### [Exercise data]
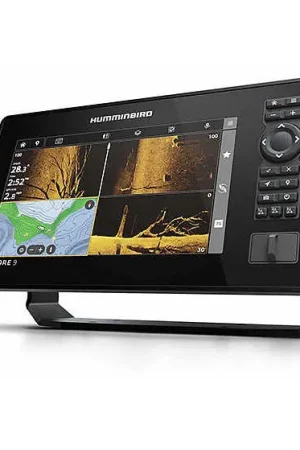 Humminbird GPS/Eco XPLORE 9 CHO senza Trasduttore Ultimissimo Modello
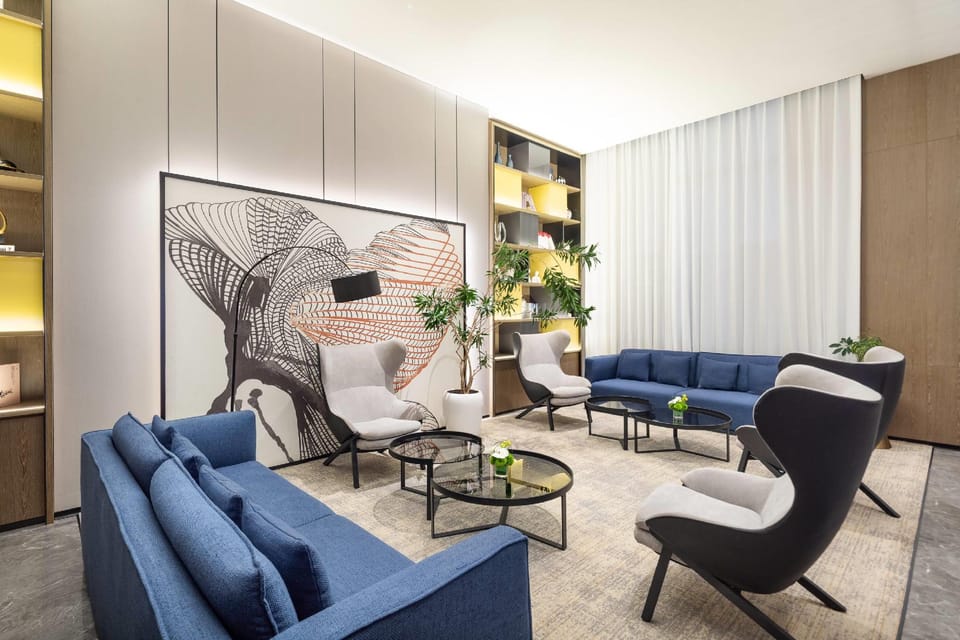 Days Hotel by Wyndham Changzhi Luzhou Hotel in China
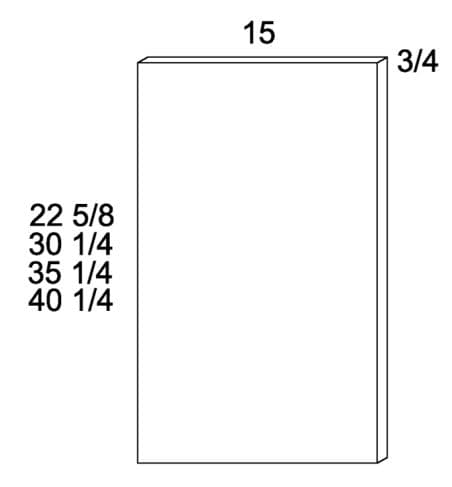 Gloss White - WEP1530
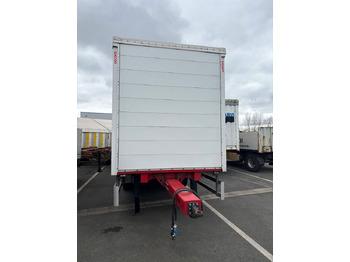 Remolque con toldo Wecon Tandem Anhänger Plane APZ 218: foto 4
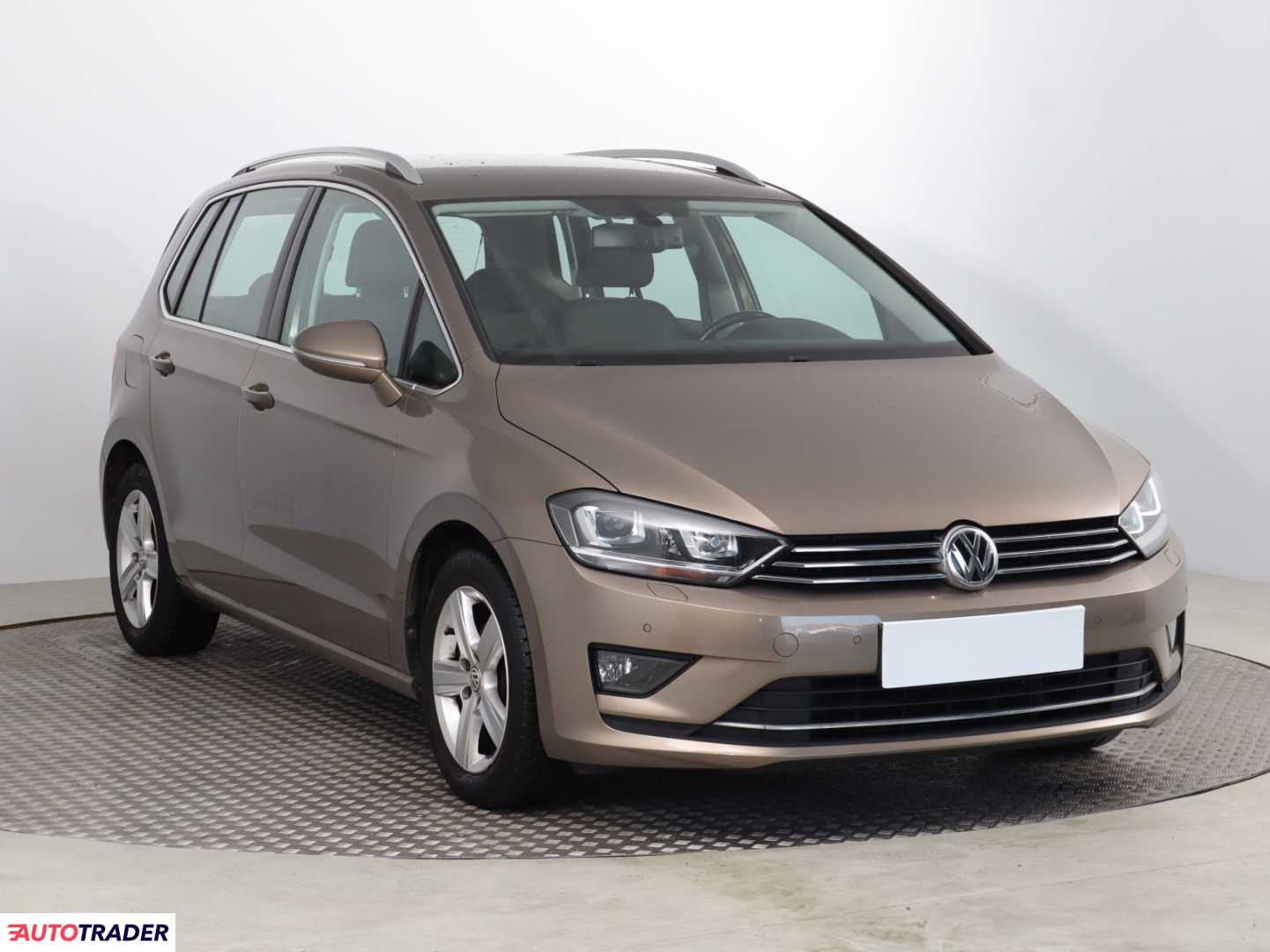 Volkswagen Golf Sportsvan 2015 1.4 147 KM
--
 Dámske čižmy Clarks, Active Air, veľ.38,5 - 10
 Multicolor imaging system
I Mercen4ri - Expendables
---
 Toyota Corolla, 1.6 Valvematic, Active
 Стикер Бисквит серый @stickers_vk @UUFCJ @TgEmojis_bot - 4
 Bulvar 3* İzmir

### [What you need to do]
Return exactly the stretch above whose first line contains "Humminbird GPS/Eco XPLORE" and whose last line contains "Volkswagen Golf Sportsvan 2015 1.4 147 KM", and nothing outside it. The pictures should not appear.

### [Result for this exercise]
 Humminbird GPS/Eco XPLORE 9 CHO senza Trasduttore Ultimissimo Modello
 Days Hotel by Wyndham Changzhi Luzhou Hotel in China
 Gloss White - WEP1530
 Remolque con toldo Wecon Tandem Anhänger Plane APZ 218: foto 4
 Volkswagen Golf Sportsvan 2015 1.4 147 KM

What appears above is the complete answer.